La LRA, Une Plaie Béante
Fondée par le tristement célèbre Joseph Kony, la LRA a mené une guérilla ultra-violente visant à instaurer un régime basé sur les dix commandements. On estime qu’elle serait responsable de plus de 100 000 morts et 60 000 enlèvements d’enfants, transformés en soldats pour les garçons et en esclaves sexuelles pour les filles. Des crimes d’une indicible cruauté qui ont laissé l’Afrique centrale meurtrie.
Chassée d’Ouganda, la LRA s’est ensuite dispersée dans les forêts de RDC, de Centrafrique, du Soudan du Sud et du Soudan, semant la terreur sur son passage.
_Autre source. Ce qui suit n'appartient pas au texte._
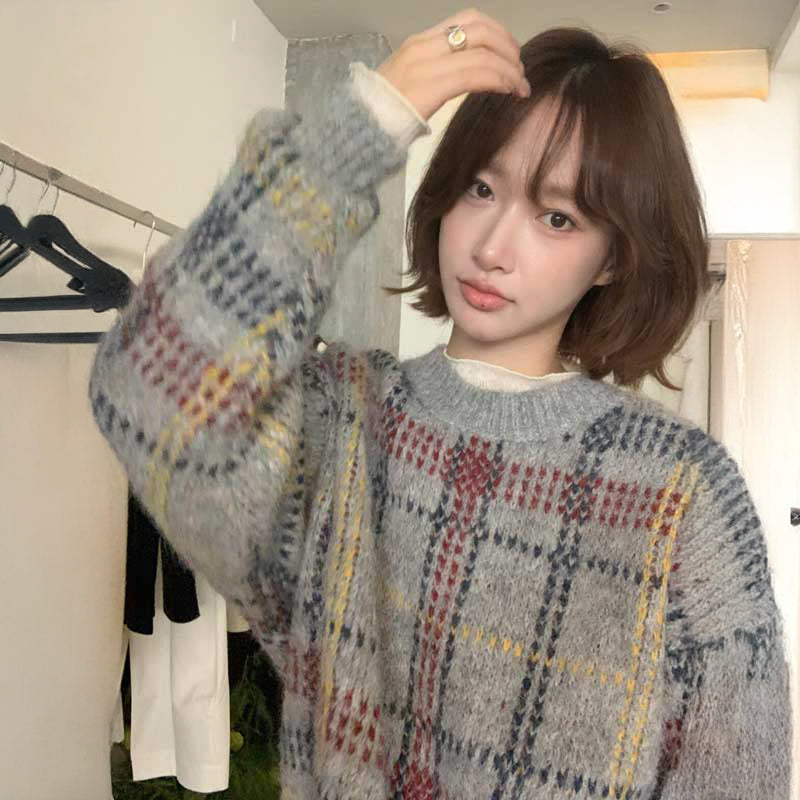 ノルディックチェックニット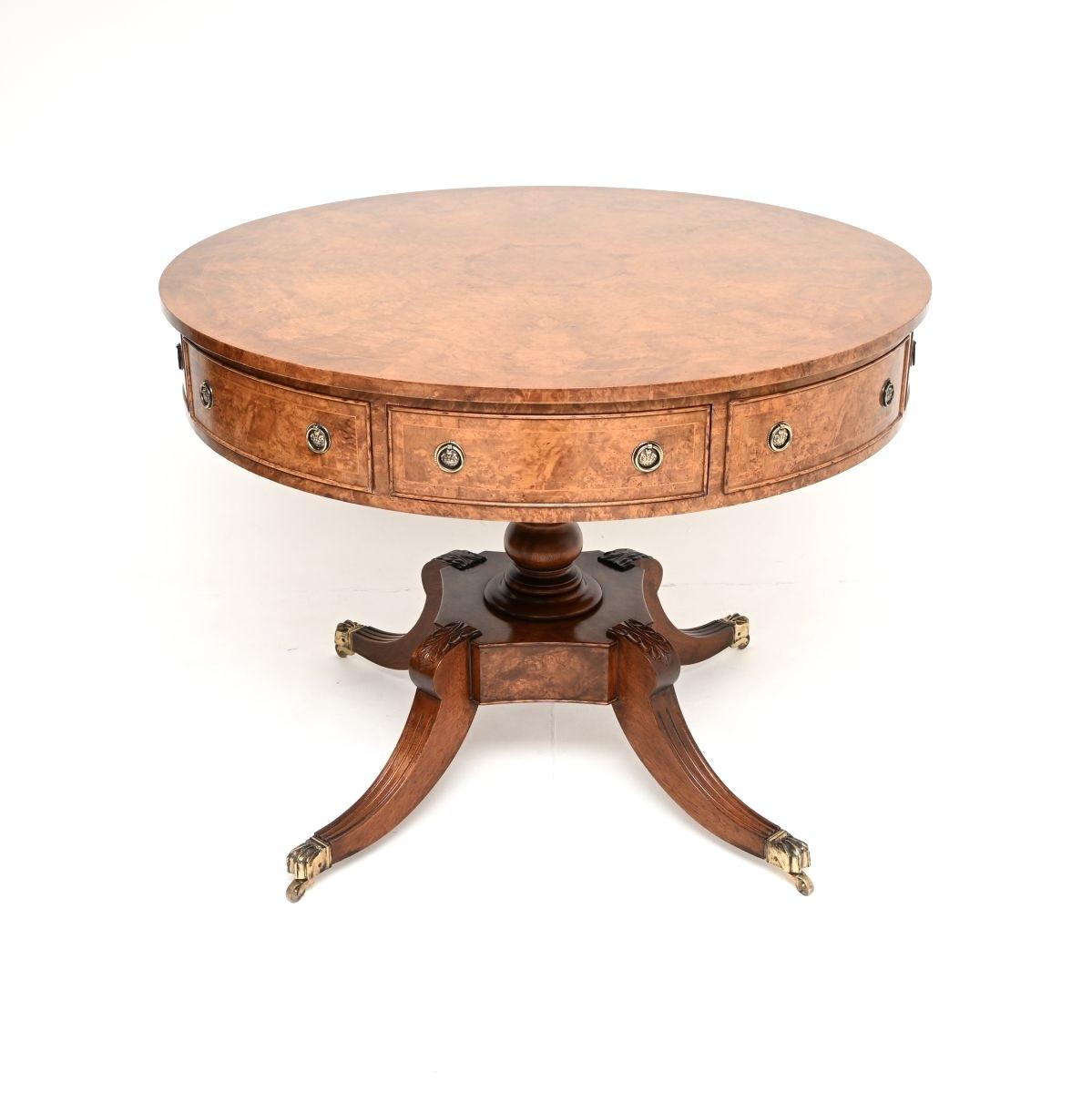 Regency Style Burr Walnut Drum Table (1 of 10) Regency Style Burr Walnut Drum Table (1 of 10)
La traque de ses chefs se poursuit à ce jour, avec l’espoir qu’ils répondent enfin de leurs actes devant la justice internationale.
Une Lueur d’Espoir
Pour les victimes, ce jugement représente une lueur d’espoir dans leur long et douloureux combat pour la reconnaissance de leurs souffrances. Bien que l’argent ne puisse effacer les traumatismes subis, il constitue un premier pas vers une forme de réparation et de justice restaurative.
Reste à savoir si le gouvernement ougandais se pliera à la décision du tribunal. Selon des sources proches du dossier, un appel serait en préparation. Mais quelle que soit l’issue, ce procès aura marqué les esprits et posé les jalons d’une possible réconciliation nationale. Car pour tourner la page de ces années noires, l’Ouganda devra affronter ses démons et panser, une à une, les plaies de son passé tourmenté.